-- About this task --
Determine how many lines in the records hold "good", then give that number by itself.

-- Records for processing --
Segment Open

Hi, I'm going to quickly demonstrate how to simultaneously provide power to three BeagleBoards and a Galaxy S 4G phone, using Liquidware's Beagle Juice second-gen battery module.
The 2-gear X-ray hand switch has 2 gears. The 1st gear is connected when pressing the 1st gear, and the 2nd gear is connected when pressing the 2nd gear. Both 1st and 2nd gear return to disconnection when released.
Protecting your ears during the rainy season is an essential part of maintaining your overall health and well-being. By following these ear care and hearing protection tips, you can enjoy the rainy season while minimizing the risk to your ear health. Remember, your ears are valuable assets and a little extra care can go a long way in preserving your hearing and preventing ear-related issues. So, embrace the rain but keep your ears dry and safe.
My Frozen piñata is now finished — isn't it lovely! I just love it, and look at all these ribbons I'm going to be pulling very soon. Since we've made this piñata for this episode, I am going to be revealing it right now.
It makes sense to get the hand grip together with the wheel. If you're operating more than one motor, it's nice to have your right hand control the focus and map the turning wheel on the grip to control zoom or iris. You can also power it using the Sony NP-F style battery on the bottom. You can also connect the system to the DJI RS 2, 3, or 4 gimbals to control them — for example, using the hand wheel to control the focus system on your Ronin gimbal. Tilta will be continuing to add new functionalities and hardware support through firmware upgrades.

Segment Closed
Segment Open

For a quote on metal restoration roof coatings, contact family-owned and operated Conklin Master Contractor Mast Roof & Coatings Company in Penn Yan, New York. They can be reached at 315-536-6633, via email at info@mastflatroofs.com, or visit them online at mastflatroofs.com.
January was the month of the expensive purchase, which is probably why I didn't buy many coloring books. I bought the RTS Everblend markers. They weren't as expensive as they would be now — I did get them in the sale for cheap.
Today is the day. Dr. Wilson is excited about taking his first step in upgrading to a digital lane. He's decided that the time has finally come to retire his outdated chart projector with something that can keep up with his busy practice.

Segment Closed
Segment Open

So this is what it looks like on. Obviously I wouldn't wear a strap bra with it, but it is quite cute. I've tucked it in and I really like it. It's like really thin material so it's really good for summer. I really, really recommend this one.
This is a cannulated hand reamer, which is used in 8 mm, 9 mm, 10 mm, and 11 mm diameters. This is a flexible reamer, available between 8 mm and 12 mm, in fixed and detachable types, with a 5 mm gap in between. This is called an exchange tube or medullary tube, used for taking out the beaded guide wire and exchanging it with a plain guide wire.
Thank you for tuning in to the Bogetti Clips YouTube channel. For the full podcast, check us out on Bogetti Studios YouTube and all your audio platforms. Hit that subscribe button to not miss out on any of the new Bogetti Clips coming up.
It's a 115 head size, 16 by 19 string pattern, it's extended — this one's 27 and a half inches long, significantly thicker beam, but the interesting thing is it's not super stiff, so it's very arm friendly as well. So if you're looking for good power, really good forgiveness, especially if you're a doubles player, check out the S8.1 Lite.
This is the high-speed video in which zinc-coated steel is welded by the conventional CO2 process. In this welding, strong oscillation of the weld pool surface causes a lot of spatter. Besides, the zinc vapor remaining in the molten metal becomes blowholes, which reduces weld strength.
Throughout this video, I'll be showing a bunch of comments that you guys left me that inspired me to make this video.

Segment Closed

-- Response to the exercise --
2